Her case was remarkable in duration but not in substance. Hunt-Matthes is by no means the first or only whistleblower to fall foul of the UN system. Indeed, her case highlights neatly one of the UN’s dirtiest secrets: that its staff are reluctant to report abuses or corruption within the organisation for fear of losing their jobs.

“The bottom line is the UN is not a safe working environment at the minute,” said Hunt-Matthes, who has left the UN and now works at a university in Geneva. “You can’t report misconduct and be protected. What could be more serious than that?”

Figures obtained by the Government Accountability Project (GAP), which supports whistleblowers, reveal that the UN ethics office had received 447 approaches up to July 2014 from those alleging they have faced retaliation for exposing wrongdoing.
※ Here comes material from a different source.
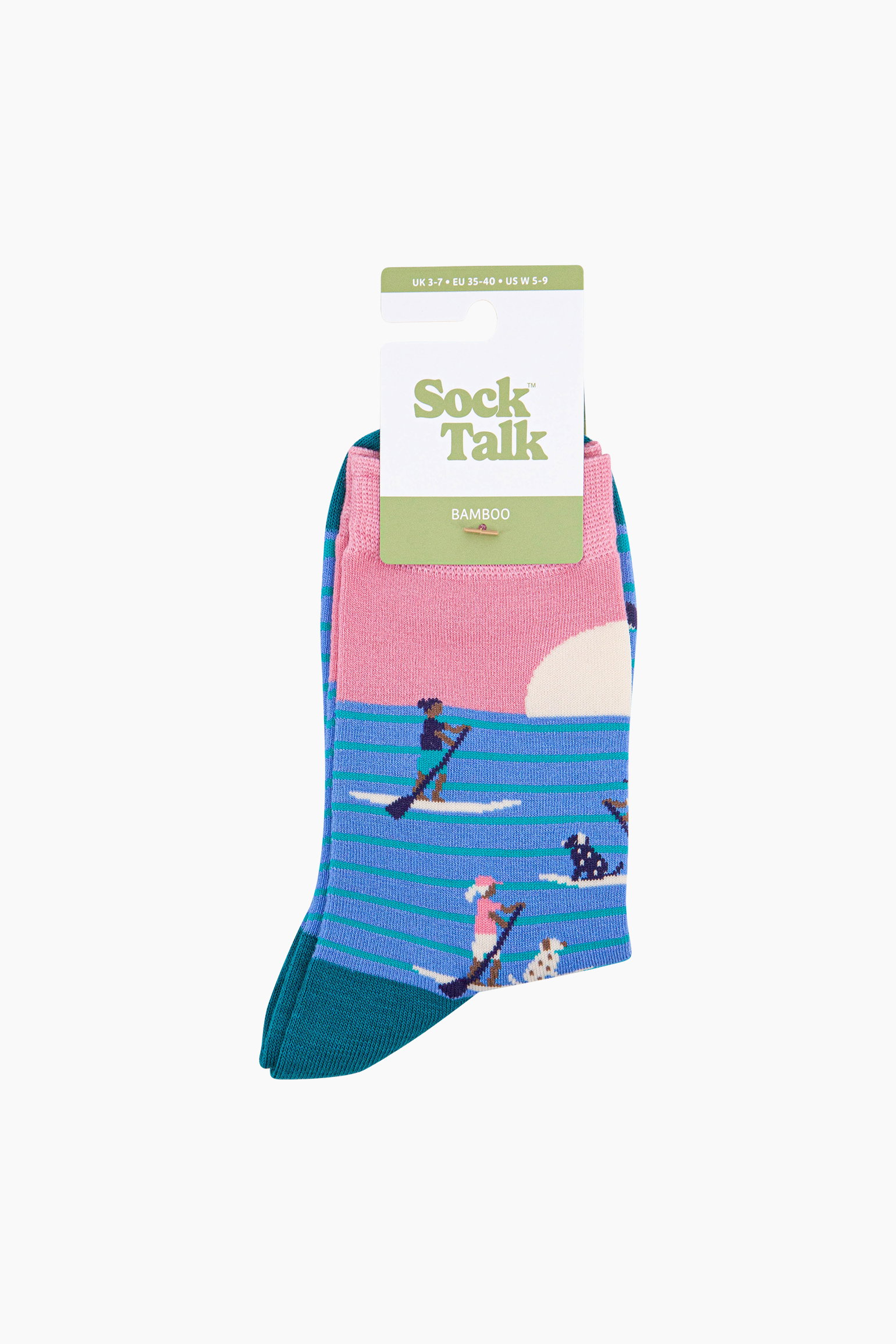 Blue Sunset Paddle Boarding Bamboo Socks in Blue, Image 4 of 4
They completed reviews into between 113 and 135 of these cases, identifying prima-facie cases of retaliation in 14, and ultimately establishing there had been retaliation in just four cases – a statistic that is hardly encouraging to those who feel bound to report corruption, malpractice or sexual abuse.
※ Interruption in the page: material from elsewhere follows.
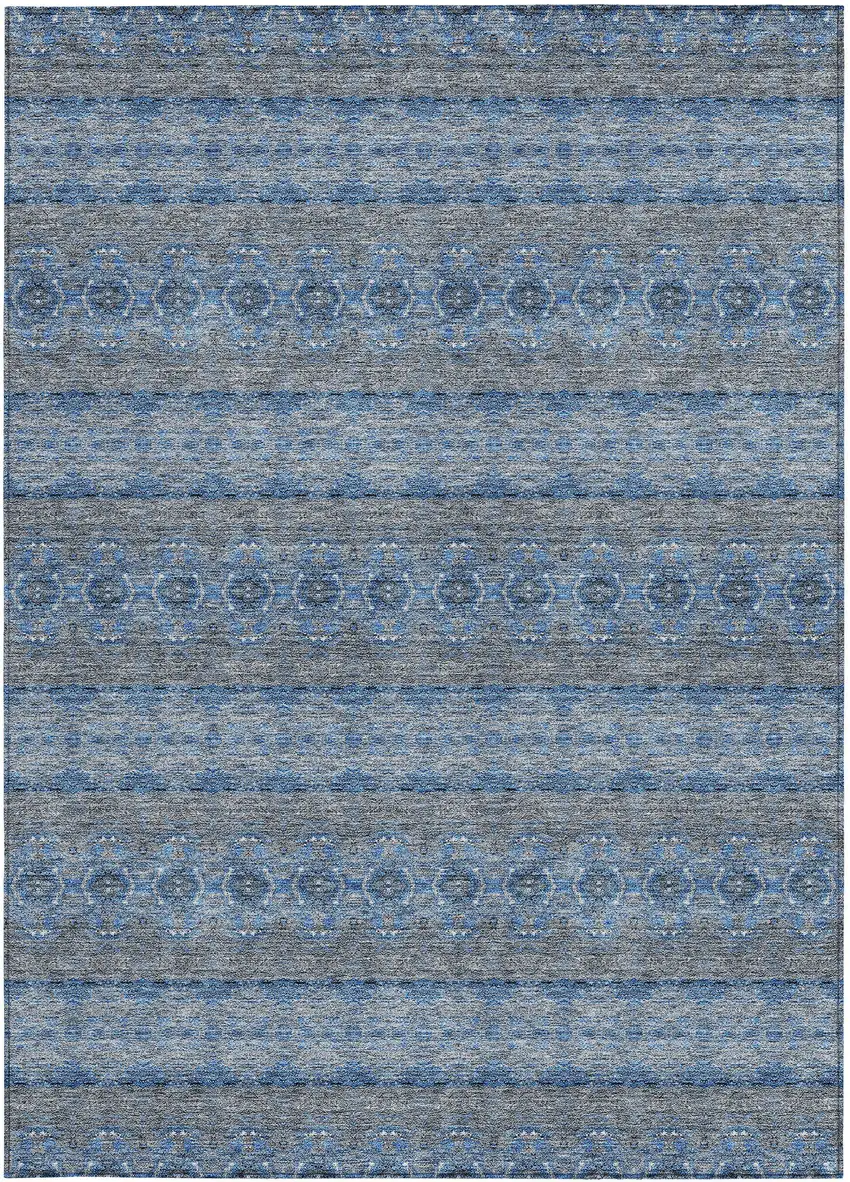 Navy Blue And Sky Blue Floral Medallion Washable Indoor Outdoor Area Rug Photo 5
“The percentage of whistleblowers who actually receive relief through this channel remains abysmally low,” said Bea Edwards, the international director of GAP. “We’re now working with UN whistleblowers who have simply resigned rather than endure such a protracted and complex internal process.”

Two striking cases have hit the headlines in recent years. This year, a senior UN aid worker, Anders Kompass, was suspended for disclosing to prosecutors an internal report on the sexual abuse of children by French peacekeeping troops in the Central African Republic.